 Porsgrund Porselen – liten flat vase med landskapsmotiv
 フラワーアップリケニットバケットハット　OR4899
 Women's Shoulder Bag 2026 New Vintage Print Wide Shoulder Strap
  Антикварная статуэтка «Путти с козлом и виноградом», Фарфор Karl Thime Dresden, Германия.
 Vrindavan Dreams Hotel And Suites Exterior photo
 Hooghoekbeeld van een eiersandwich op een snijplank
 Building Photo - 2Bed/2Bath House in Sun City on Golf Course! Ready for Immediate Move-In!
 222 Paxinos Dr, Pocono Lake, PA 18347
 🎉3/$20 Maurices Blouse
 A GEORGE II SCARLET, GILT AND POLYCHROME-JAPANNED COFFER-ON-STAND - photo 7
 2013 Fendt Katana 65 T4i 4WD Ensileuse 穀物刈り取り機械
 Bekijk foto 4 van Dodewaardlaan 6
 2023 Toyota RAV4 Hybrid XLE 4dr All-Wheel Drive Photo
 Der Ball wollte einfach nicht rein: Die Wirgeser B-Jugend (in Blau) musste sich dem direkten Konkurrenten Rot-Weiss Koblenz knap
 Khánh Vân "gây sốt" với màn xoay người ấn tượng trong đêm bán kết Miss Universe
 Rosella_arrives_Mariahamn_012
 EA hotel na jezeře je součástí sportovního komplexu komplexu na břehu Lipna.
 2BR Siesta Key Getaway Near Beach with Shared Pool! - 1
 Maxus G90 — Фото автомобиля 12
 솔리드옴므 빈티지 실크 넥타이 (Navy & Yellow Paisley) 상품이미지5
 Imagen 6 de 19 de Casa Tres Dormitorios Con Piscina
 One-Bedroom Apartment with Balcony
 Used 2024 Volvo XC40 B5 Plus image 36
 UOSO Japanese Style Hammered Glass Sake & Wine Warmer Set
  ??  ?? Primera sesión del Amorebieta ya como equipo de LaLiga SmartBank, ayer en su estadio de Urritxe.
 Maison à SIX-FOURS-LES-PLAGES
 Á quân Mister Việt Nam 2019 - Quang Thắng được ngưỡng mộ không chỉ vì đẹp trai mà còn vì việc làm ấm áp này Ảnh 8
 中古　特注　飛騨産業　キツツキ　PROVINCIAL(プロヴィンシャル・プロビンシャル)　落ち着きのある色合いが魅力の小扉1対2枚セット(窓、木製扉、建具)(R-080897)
========
▶ What you need to do: Could you copy out all the material word for word?

▶ Response:
 Porsgrund Porselen – liten flat vase med landskapsmotiv
 フラワーアップリケニットバケットハット　OR4899
 Women's Shoulder Bag 2026 New Vintage Print Wide Shoulder Strap
  Антикварная статуэтка «Путти с козлом и виноградом», Фарфор Karl Thime Dresden, Германия.
 Vrindavan Dreams Hotel And Suites Exterior photo
 Hooghoekbeeld van een eiersandwich op een snijplank
 Building Photo - 2Bed/2Bath House in Sun City on Golf Course! Ready for Immediate Move-In!
 222 Paxinos Dr, Pocono Lake, PA 18347
 🎉3/$20 Maurices Blouse
 A GEORGE II SCARLET, GILT AND POLYCHROME-JAPANNED COFFER-ON-STAND - photo 7
 2013 Fendt Katana 65 T4i 4WD Ensileuse 穀物刈り取り機械
 Bekijk foto 4 van Dodewaardlaan 6
 2023 Toyota RAV4 Hybrid XLE 4dr All-Wheel Drive Photo
 Der Ball wollte einfach nicht rein: Die Wirgeser B-Jugend (in Blau) musste sich dem direkten Konkurrenten Rot-Weiss Koblenz knap
 Khánh Vân "gây sốt" với màn xoay người ấn tượng trong đêm bán kết Miss Universe
 Rosella_arrives_Mariahamn_012
 EA hotel na jezeře je součástí sportovního komplexu komplexu na břehu Lipna.
 2BR Siesta Key Getaway Near Beach with Shared Pool! - 1
 Maxus G90 — Фото автомобиля 12
 솔리드옴므 빈티지 실크 넥타이 (Navy & Yellow Paisley) 상품이미지5
 Imagen 6 de 19 de Casa Tres Dormitorios Con Piscina
 One-Bedroom Apartment with Balcony
 Used 2024 Volvo XC40 B5 Plus image 36
 UOSO Japanese Style Hammered Glass Sake & Wine Warmer Set
  ??  ?? Primera sesión del Amorebieta ya como equipo de LaLiga SmartBank, ayer en su estadio de Urritxe.
 Maison à SIX-FOURS-LES-PLAGES
 Á quân Mister Việt Nam 2019 - Quang Thắng được ngưỡng mộ không chỉ vì đẹp trai mà còn vì việc làm ấm áp này Ảnh 8
 中古　特注　飛騨産業　キツツキ　PROVINCIAL(プロヴィンシャル・プロビンシャル)　落ち着きのある色合いが魅力の小扉1対2枚セット(窓、木製扉、建具)(R-080897)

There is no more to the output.